Enterprise downtime costs upwards of $300,000 per hour on average. 20% of significant outages cost more than $1 million (CalmOps: Cloud Disaster Recovery 2026). Those numbers are what turn disaster recovery from “we should do this eventually” into an actual budget line.

Cloud based disaster recovery: what the providers offer

Each cloud provider has native backup and DR tools. Whether you use them or a third-party tool depends on your portability requirements and how locked in you want to be.

Provider	Backup/DR service	What it covers	Kubernetes integration
AWS	EBS Snapshots + AWS Backup + Elastic Disaster Recovery	Volume snapshots, cross-region replication, automated failover	Velero with AWS plugin for EKS. EBS snapshots via CSI driver.
Google Cloud	Persistent Disk Snapshots + Backup for GKE	Volume snapshots, application-consistent backup for GKE workloads	Native GKE backup service covers resources + PVs.
Azure	Azure Backup + Azure Site Recovery	VM and disk-level backup, cross-region replication	AKS backup extension covers cluster resources + Azure Disk snapshots.

Google’s Backup for GKE is the most Kubernetes-native of the three. It backs up both cluster resources and persistent volumes in one workflow without needing Velero. AWS and Azure require more assembly, either through Velero or their own backup extensions.
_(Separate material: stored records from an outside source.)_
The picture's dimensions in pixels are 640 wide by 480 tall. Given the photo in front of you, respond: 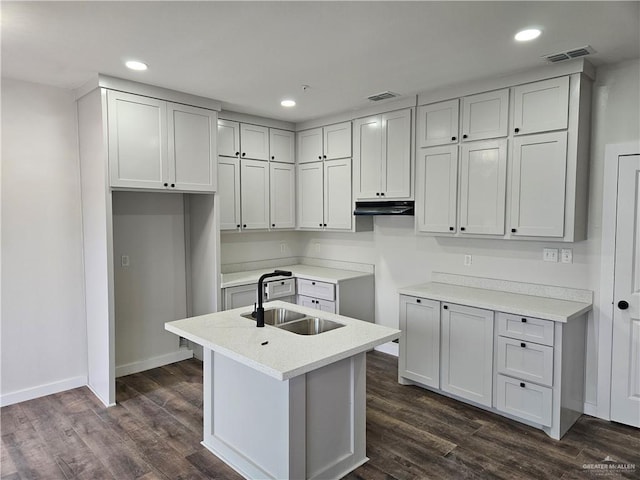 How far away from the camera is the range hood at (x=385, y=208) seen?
3.97 meters

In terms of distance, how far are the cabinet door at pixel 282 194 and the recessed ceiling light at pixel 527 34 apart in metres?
2.89

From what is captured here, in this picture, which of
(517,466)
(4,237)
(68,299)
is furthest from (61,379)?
(517,466)

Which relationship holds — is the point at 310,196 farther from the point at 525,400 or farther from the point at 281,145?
the point at 525,400

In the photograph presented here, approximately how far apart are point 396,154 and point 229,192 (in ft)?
5.79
For multi-cloud or hybrid setups, Velero is the common choice because it works the same way everywhere. Provider-native tools lock you into one cloud for your backup and restore workflow.
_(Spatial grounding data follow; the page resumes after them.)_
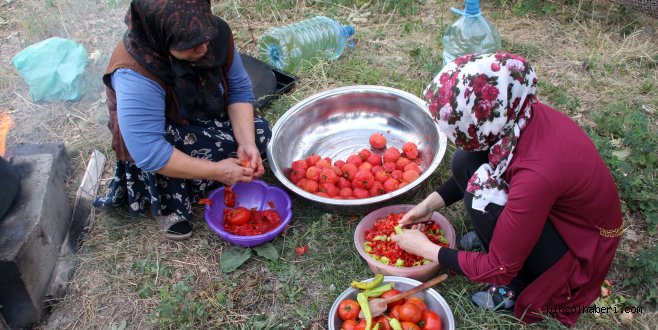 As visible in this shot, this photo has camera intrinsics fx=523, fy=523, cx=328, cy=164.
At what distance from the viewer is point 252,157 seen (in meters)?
3.04

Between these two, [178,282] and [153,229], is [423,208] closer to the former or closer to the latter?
[178,282]

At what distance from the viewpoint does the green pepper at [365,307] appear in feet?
7.68

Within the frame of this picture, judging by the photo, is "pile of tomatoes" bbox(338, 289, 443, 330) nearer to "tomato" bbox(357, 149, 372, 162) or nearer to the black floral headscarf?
"tomato" bbox(357, 149, 372, 162)

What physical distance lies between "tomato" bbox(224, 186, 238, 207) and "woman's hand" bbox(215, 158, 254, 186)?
0.84 feet

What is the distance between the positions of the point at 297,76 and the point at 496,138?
255 centimetres

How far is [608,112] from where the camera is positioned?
3676mm

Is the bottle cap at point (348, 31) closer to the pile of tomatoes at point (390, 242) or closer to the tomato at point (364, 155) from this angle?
the tomato at point (364, 155)

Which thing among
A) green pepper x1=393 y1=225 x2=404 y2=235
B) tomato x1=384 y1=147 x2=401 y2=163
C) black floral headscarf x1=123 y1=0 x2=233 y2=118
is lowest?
tomato x1=384 y1=147 x2=401 y2=163

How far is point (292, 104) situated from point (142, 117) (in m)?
1.67

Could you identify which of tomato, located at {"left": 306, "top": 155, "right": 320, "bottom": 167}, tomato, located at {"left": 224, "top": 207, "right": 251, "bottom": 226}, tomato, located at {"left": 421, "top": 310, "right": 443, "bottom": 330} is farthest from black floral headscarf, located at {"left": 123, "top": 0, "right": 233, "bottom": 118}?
tomato, located at {"left": 421, "top": 310, "right": 443, "bottom": 330}

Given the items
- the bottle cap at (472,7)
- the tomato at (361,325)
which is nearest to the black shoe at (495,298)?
the tomato at (361,325)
How to set up Kubernetes backup that works

A tested order of operations:

Back up etcd on a schedule. Hourly for production. Store snapshots in a different region or cloud account. Encrypt them.
Install Velero (or your chosen backup tool) and configure persistent volume backup. Make sure it covers every namespace with stateful workloads. A backup that covers 90% of your namespaces is a backup that misses the one that matters.
Set backup schedules that match your RPO. If your RPO is 1 hour, your backups run every hour. If your RPO is 15 minutes, you need continuous replication, not scheduled snapshots.
Store backups outside the cluster and outside the region. A backup stored in the same region as your cluster does not survive a regional outage. Cross-region or cross-cloud storage is the minimum for real disaster recovery.
Test your restore process quarterly. Spin up a fresh cluster, restore from backup, and verify that applications come up with their data intact. The restore process is the backup. If you have never tested it, you do not have a backup.
Monitor backup jobs. A failed backup job at 3 AM that nobody notices means your last good backup is 24 hours old. Alert on backup failures the same way you alert on application failures.
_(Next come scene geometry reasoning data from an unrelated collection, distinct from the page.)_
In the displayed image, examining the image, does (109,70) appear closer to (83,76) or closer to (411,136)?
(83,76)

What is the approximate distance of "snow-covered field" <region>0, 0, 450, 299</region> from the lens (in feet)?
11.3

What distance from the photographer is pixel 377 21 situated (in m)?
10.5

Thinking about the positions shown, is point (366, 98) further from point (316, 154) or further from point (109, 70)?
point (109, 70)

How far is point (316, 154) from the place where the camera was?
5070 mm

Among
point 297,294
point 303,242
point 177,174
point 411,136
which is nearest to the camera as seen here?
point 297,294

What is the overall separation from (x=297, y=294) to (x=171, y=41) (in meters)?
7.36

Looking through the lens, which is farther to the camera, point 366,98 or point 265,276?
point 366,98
That last point is where observability fits. Your monitoring stack (Prometheus, Grafana) should track backup job status, backup age, backup size trends, and restore test results. If your most recent successful backup is older than your RPO, that is an alert.

Common mistakes

The pattern is always the same: teams think they have a backup, then find out during a real incident that they covered one layer and missed another.

Backing up etcd but not persistent volumes. The cluster comes back. All your data is gone.
Storing backups in the same region as the cluster. A regional outage takes out both your cluster and your backup. That is not disaster recovery.
Never testing restores. A backup you have never restored from is a guess, not a plan. Test quarterly at minimum.
Forgetting CRDs and operator state. The cluster rebuilds, but cert-manager, Istio, and ArgoCD have no idea what they were doing before the failure.
Ignoring backup monitoring. Backup jobs fail silently at 3 AM. Without alerts, you find out when you need the backup and it is not there.
Assuming IaC covers you. Terraform recreates infrastructure. It does not restore the data that was on the old infrastructure.

Where Obsium fits

If your team is running stateful workloads on Kubernetes and you are not sure whether your backup monitoring covers the gaps, book a free 30-minute observability consultation. No sales deck, just an engineer-to-engineer chat about your stack.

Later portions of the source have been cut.